Over the past year, 65 BGS Old Boys gifted approximately $1.5M to bursaries, including year-group bursaries (1943, 1966, 1979/80, 1982), Jamie Pherous ’85, Simon Fenwick ’86, Jim Truesdale ’43 and the Heath-Huxley and Pullar families.

These gifts provide essential financial assistance to deserving students, helping them to embark on their BGS journey. It is a journey where each student is challenged to rise to their best, where individual talents are nurtured in a caring and supportive environment, allowing students to grow into thoughtful and confident young men of character who contribute to their communities.

The impact of a BGS bursary can best be explained by those who receive them. In 2017 Archie Attwooll graduated from the School after attending BGS on a bursary funded by the 1966 year group. Archie, who comes from a rural Queensland town of just 100 people, said the bursary had changed his life.

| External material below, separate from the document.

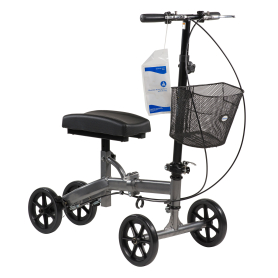 Foldable Steerable Knee Walker with Basket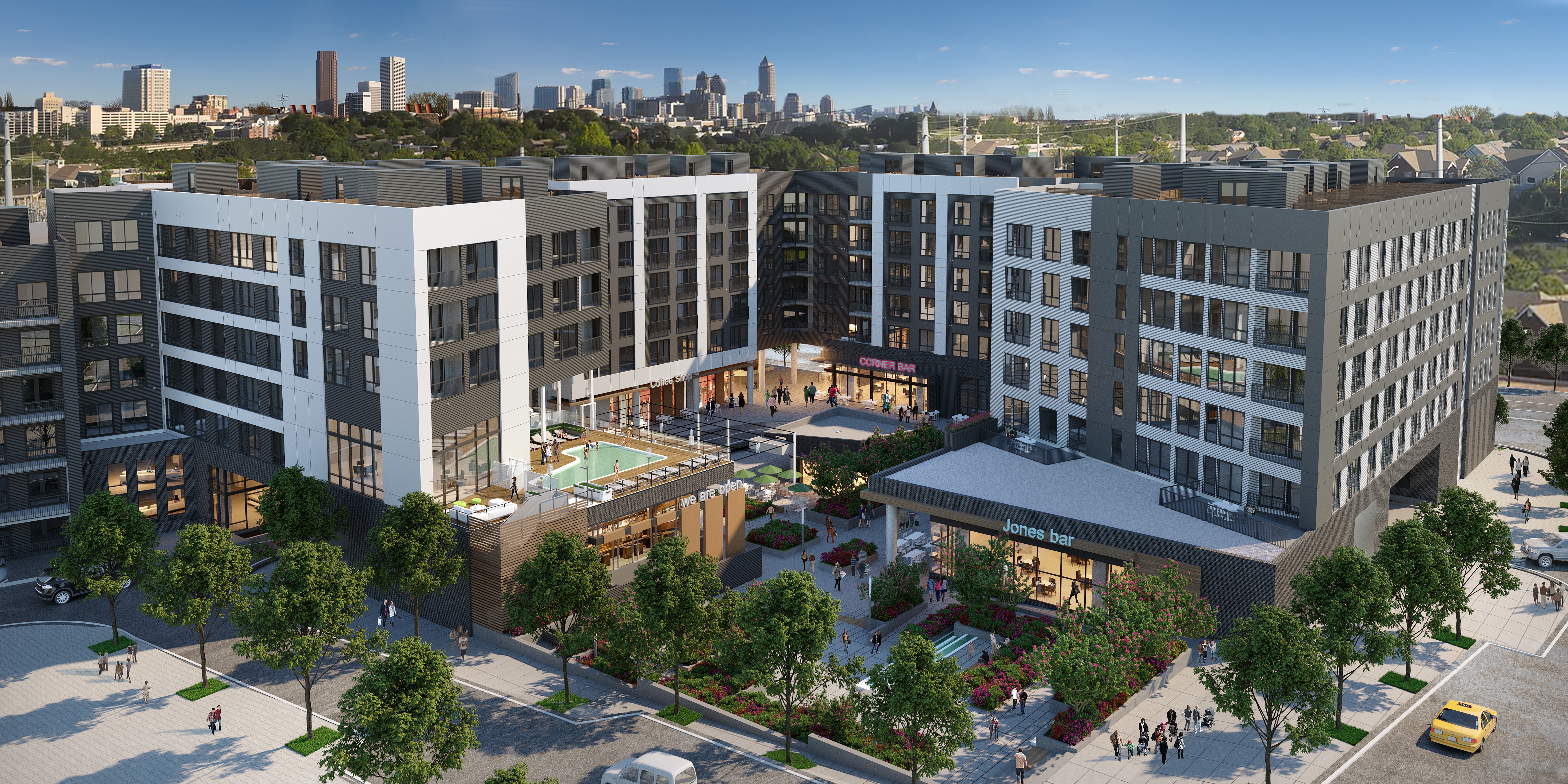The project’s open-air retail plaza, with a creative reimagining of Midtown’s skyline beyond.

“There were three people in my year group and 32 kids in the whole school when I left home to become a boarder at BGS,” he said. “Year 9 was pretty tough adapting, but I made really close mates and loved it from then on. The bursary gave me the opportunity to attend BGS and opened new doors.”

His father, BGS Old Boy Scott Attwooll ’87, said Archie had developed into a mature young man while at the School. “An education is so important and there is no comparison to BGS,” he said. “Without a bursary it wouldn’t have been possible, so we’re very thankful.”

BGS Old Boys Ross Parry and Bob Hunter were two of the 18 Old Boys from the Class of 1966 who funded Archie’s bursary. Both emphasised the importance of philanthropy for those with the means.

“My father didn’t have an education, but his greatest priority was to educate his kids, and he made many sacrifices to make that happen,” Dr Parry said. “I was fortunate to receive a great education and have a career where I’ve been able to give back.”

Mr Hunter attended BGS on a bursary and was happy to contribute to see other students gain the same opportunities. “My dad came from Belfast and escaped a terrible situation there to start a life in Australia, so the bursary made a big difference for our family.”

Headmaster Anthony Micallef said BGS aimed to nurture an inclusive community, where students from varied backgrounds combined to live the core values of endeavour, learning, respect, leadership, and community.

“The transformative potential of a BGS education, through incredible academic, extracurricular and cultural opportunities, is immeasurable,” he said. “We need people from different backgrounds to get a broad view of the world and bursaries help to make that diversity possible.”